Return the lines of the data below exactly. Start at the first and end with the line containing "renaming the location experience hub".
━━ Provided information
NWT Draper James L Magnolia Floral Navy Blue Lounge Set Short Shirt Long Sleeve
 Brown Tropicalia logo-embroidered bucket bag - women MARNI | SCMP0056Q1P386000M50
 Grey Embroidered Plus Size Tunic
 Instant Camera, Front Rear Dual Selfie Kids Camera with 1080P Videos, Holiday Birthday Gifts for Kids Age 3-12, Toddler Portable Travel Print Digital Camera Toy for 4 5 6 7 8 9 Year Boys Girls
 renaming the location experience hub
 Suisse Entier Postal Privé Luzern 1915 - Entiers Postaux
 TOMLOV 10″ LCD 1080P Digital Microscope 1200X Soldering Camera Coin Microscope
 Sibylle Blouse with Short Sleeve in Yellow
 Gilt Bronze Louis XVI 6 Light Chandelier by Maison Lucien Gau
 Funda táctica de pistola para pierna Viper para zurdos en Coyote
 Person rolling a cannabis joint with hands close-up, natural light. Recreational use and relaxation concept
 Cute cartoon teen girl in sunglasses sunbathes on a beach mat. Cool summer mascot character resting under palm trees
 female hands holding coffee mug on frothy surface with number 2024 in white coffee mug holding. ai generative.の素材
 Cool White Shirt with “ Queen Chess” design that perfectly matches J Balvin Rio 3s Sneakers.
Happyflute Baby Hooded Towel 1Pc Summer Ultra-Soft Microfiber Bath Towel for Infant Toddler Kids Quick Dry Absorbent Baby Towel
━━━━
*Answer to this exercise*
NWT Draper James L Magnolia Floral Navy Blue Lounge Set Short Shirt Long Sleeve
 Brown Tropicalia logo-embroidered bucket bag - women MARNI | SCMP0056Q1P386000M50
 Grey Embroidered Plus Size Tunic
 Instant Camera, Front Rear Dual Selfie Kids Camera with 1080P Videos, Holiday Birthday Gifts for Kids Age 3-12, Toddler Portable Travel Print Digital Camera Toy for 4 5 6 7 8 9 Year Boys Girls
 renaming the location experience hub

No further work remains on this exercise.